Tuesday, November 12, 2013

United States v. Horob, No. 11-30119 (11-7-13) (Per curiam with Silverman, Fletcher and Callahan).


A defendant wins on appeal, getting a mandatory minimum sentence (aggravated identity theft) reversed. What will his new sentence be? If you say the same would be evidence of vindictiveness, you would be wrong, at least here. The defendant was in the cattle business, and he was increasing losing money. He bet the ranch, and lost, and so increasingly increased his herd to secure loans. Herds were invented in feedlots throughout the West. When it came time to see if the cows came home, at least for the banks, they didn't. The defendant did not have thousands of head of cattle but sixty. The defendant was convicted of bank fraud, bankruptcy fraud, money laundering and other offenses, including the aggravated identity theft (which was reversed). On resentencing, the court explained that his previous sentence, a variance, was so because of the mandatory minimum made the whole sentence appropriate. On resentencing, the court felt that 132 months was appropriate, and branded the defendant with it (it was a few months below the guidelines).
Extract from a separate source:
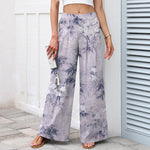 Buddha Stones Cotton Linen Bamboo Leaf Pattern Women's Elastic Waist Wide Leg Pants With Pockets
The 9th, grabbing the vindictive bull by the argument horns, held that the sentence was not vindictive because the court displayed no vindictiveness, nor could the defendant point to any. No vindictiveness applies when a court resentences to the same overall sentence on remand, even when a vacated conviction carries a mandatory sentence. The court gave reasons here, and it helped that the overall sentence was under the guidelines and the court explained previously about the general time. The 9th distinguished the vindictive cases, and explained about re-bundling. A troubling opinion nonetheless for the implications that the same sentence would be rubber stamped.